This can be used instead of the old onSubjectUpdate(Data data, String subjectType) API that requires to distinguish between the different Subjects by using many if-else statements:

    public void onSubjectUpdate(Data data, String subjectType) {
        if(subjectType.equals("SubjectA")){
            
        } else if (subjectType.equals("SubjectB")){
            
        }
    }

onSubjectUpdate() API will be still available for compatibility reasons and as a catch-all subjects, in cases you have a common logic to perform on multiple Subjects.

onTickCallBack

TickCallBack is not a player in Stepping but is a fundamental functionality.

Often, when working on data we need to perform some work (computation, I/O tasks) periodically, based on a specific timeout.
In these cases we can't relay only on the CPU time we get when an event we are interested in was triggered, we need a way to get some CPU time periodically.

By configuring your Step to enable TickCallBack Stepping will take care of the rest and periodically assign to your Step CPU time based on the timeout specified in the configuration.

Sometimes we need to perform some periodic, cross Steps processing, in this case we can enable TickCallBack on the Algo itself.

TickCallback can be enabled via Step or Algo configuration:

public class MyStep implements Step {

    public StepConfig getConfig() {
        StepConfig stepConfig = new StepConfig();
        stepConfig.setEnableTickCallback(true);
        stepConfig.setRunningPeriodicDelay(1000);//The TickCallBack function will be called each 1 sec
        return stepConfig;
    }
}

From version 3.9.* Stepping supports Cron expressions as delay parameters.

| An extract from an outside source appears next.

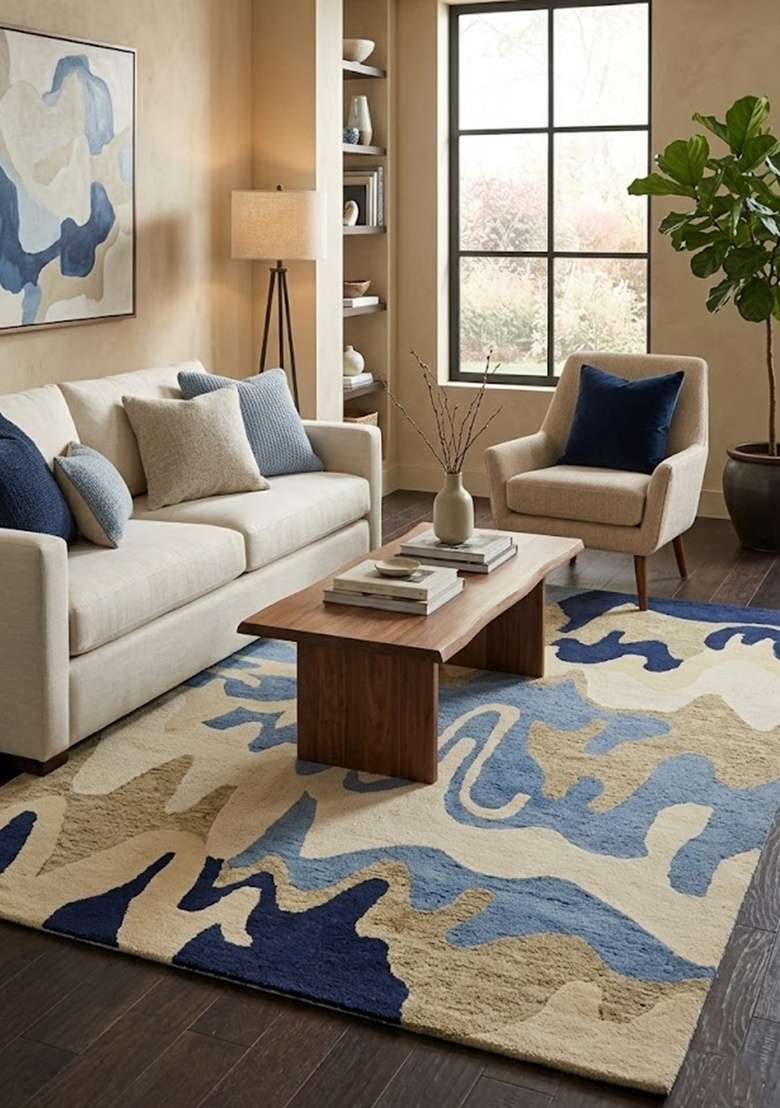 Saffron Rugs Hand-Tufted 100% Wool Area Rug | Navy Blue Cream Rectangular Rug | Cotton Backing | Contemporary Swirls Home Decor Carpet for Living Room - Indya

public class MyStep implements Step {

    public StepConfig getConfig() {
        StepConfig stepConfig = new StepConfig();
        stepConfig.setEnableTickCallback(true);
        stepConfig.setRunningPeriodicCronDelay("* * 01 * * *");//The TickCallBack function will be called every day at 01:00 am 
        return stepConfig;
    }
}

In case both afe configured, cron expression and a numeric delay, the cron expression will be used. Exactly as the traditional API, you can also set the InitialDelay and the PeriodicDelayUnit.

public class MyStep implements Step {

    public StepConfig getConfig() {
        StepConfig stepConfig = new StepConfig();
        stepConfig.setEnableTickCallback(true);
        stepConfig.setRunningInitialDelay(10);
        stepConfig.setRunningPeriodicDelayUnit(TimeUnit.SECONDS);
        stepConfig.setRunningPeriodicCronDelay("* * 01 * * *");
        return stepConfig;
    }
}

For example in the case above TickCallBack will be called for the first time after 10 seconds from startup time and then periodically every day at 01:00 am.

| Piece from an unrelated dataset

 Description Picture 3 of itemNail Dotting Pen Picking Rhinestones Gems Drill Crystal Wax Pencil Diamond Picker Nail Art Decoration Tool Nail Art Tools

Adjust onTickCallBack at runtime

Since version 3.6.x it is possible to adjust or cancel TickCallBack timeout at runtime:

  RunningScheduled running = ((ContainerService)cntr).getTickCallbackRunning(getId());
  running.changeDelay(20, TimeUnit.SECONDS);//Adjust the delay
  //...OR...
  running.stop();//Completely stop TickCallBack

The Container object injected into the Step at the init() phase can be casted to a ContainerService object which expends Container's capabilities.

One of this new capabilities is the easy way og get the Step's TickCallBack representation (RunningScheduled)
just be providing the Step's ID. Once the RunningScheduled is available you can adjust the RunningScheduled or even stop it completely.

This feature can be very usefull in cases you don't have a specific timeout delay for your TickCallBack, instead you want to change the timeout period based on some internal logic.

How it Works

Let's say we need to implement a simple application that fetches data from two different sources, merged the data based on a business logic and writes the data to 3rd kafka destination.

First thing to do is to create an Algo which acts as a container and initializer of Steps. Than we will Create three Steps:

Step1: Fetches periodically data form a DataBase and publish a "DBDataArrived" Subject
Step2: Fetches streams of data from a kafka cluster and publish a "KafkaDataArrived" Subject
Step3: Register himself to "DBDataArrived" and "KafkaDataArrived", performs a simple merge and writes the data to a new Kafka topic

Hands-On

Create 3 new Classes that implements the Step Interface and leave the functions empty. Let's call the classes them as follows: "DBFetcher", "KafkaFetcher", "Merger".

Now create your first Algo, by creating a new Class "KafkaDBMergerAlgo" that implements the Algo Interface, and register the Steps that you just created.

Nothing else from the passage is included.